Non perché conti realmente di poter tornare a Palazzo Chigi. I contatti così si sono fatti in questi giorni più intensi con il vecchio amico e oggi presidente di Confindustria, il bergamasco Giorgio Squinzi. Le bordate tirate al governo Monti al Cavaliere sono piaciute eccome. Tra i due non è escluso un incontro in settimana. Ma il sogno nel cassetto resta Luca Cordero di Montezemolo.

Ad Arcore è stato apprezzato il no comment di Mr. Ferrari sulla «discesa in campo 2». Nessuna polemica o critica, a differenza di altri. «Ma solo perché il presidente evita sempre di aprire diatribe politiche spicciole, non ha commentato neanche i provvedimenti importanti del governo Monti» fa notare Giustina Destro, deputata assai vicina all'ex numero uno di Confindustria che prepara l'appuntamento di ItaliaFutura del 25 luglio. Il pressing berlusconiano cade nel vuoto, finora.

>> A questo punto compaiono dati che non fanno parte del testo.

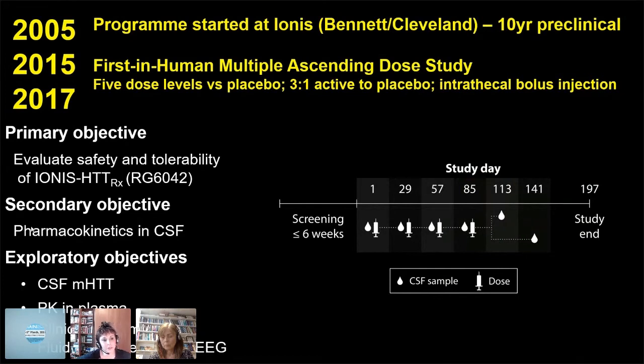In September 2015, we started the first-in-human multiple ascending dose study. We had five dose levels versus placebo with three-to-one active to placebo, and we developed a fast-push intrathecal bolus injection with 20 mils fast-push bolus. The primary objective was safety and tolerability, and we didn't know whether in this short, small study we would get any evidence of target engagement — whether the ASO would get to the brain, engage with the Huntington transcript, and lower the level of the protein. Patients were dosed four times over three months and then followed up for four months, making it a short seven-month study.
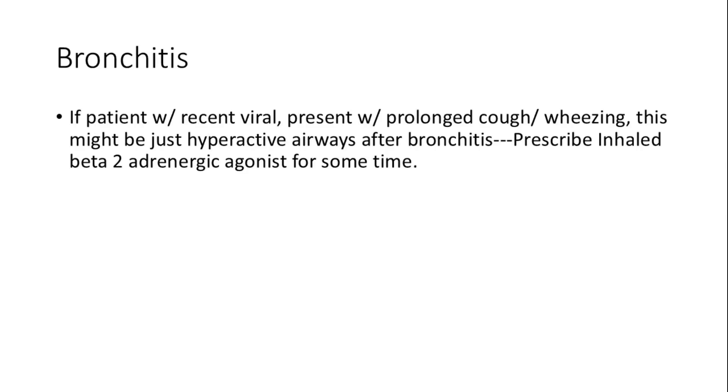Welcome to the world of pulmonary medicine. Bronchitis often follows a viral infection, leading to prolonged cough and wheezing. In such cases, hyperactive airways can be managed effectively with inhaled beta-2 adrenergic agonists, providing relief and improving respiratory function.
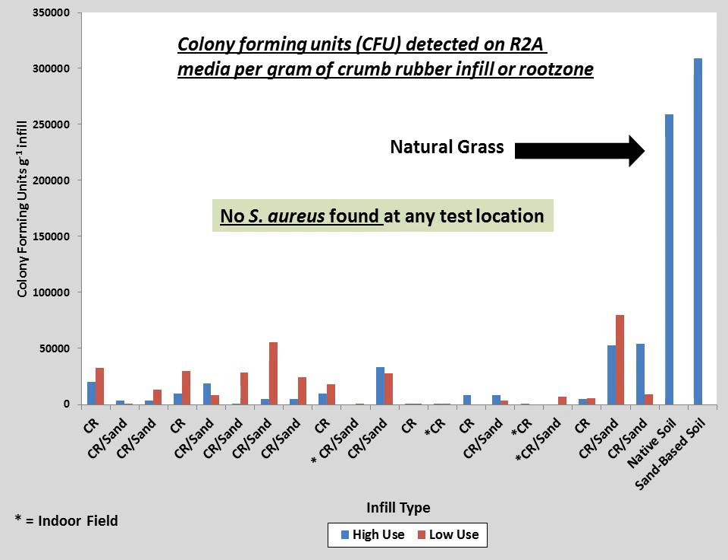On synthetic turf fields, we saw a range of 0 to 80,000 colony-forming units per gram of crumb rubber. Interestingly, the total number of colony-forming units on the natural grass fields was drastically higher than on any synthetic turf field. It is important to note that microbes tend to be present on many surfaces we come into contact with, and the simple presence of microbes should not be cause for concern. When looking at staph specifically, none of the fields in the study tested positive for the presence of staph bacteria.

Molto più fruttuosi sembrano siano stati negli ultimi giorni i contatti tra Casini e l'altra ex presidente di Confindustria, Emma Marcegaglia, lontana anni luce dal Cavaliere.

«Meglio stare tutti in guardia, perché Berlusconi torna da leader del partito ma non è affatto detto che sarà alla fine lui il candidato premier» è la tesi che del resto ha ripetuto in questi giorni ai suoi fedelissimi l'ex ministro Claudio Scajola, ben informato sui movimenti del capo. Il sondaggio pubblicato due sere fa dal tg de "La7" ha regalato al Pdl il 20,1: un incremento di un misero 0,1 per cento. Davvero poca cosa.

Non esattamente quello che Berlusconi si attendeva. Anche quelli commissionati in «casa» non sarebbero molto diversi. Tutto questo mentre nella Capitale, dalla quale si è tenuto volutamente lontano, soffiano venti di sedizione. Berlusconi resta ad Arcore per cenare e provare a convincere, a modo suo, Nicole Minetti a dimettersi dal Consiglio regionale. A Roma rientrerà oggi per una prima resa dei conti dopo le polemiche scatenate soprattutto dagli ex An. A Palazzo Grazioli, prima una colazione con i dirigenti del Pdl, poi un confronto proprio con gli ex "colonnelli".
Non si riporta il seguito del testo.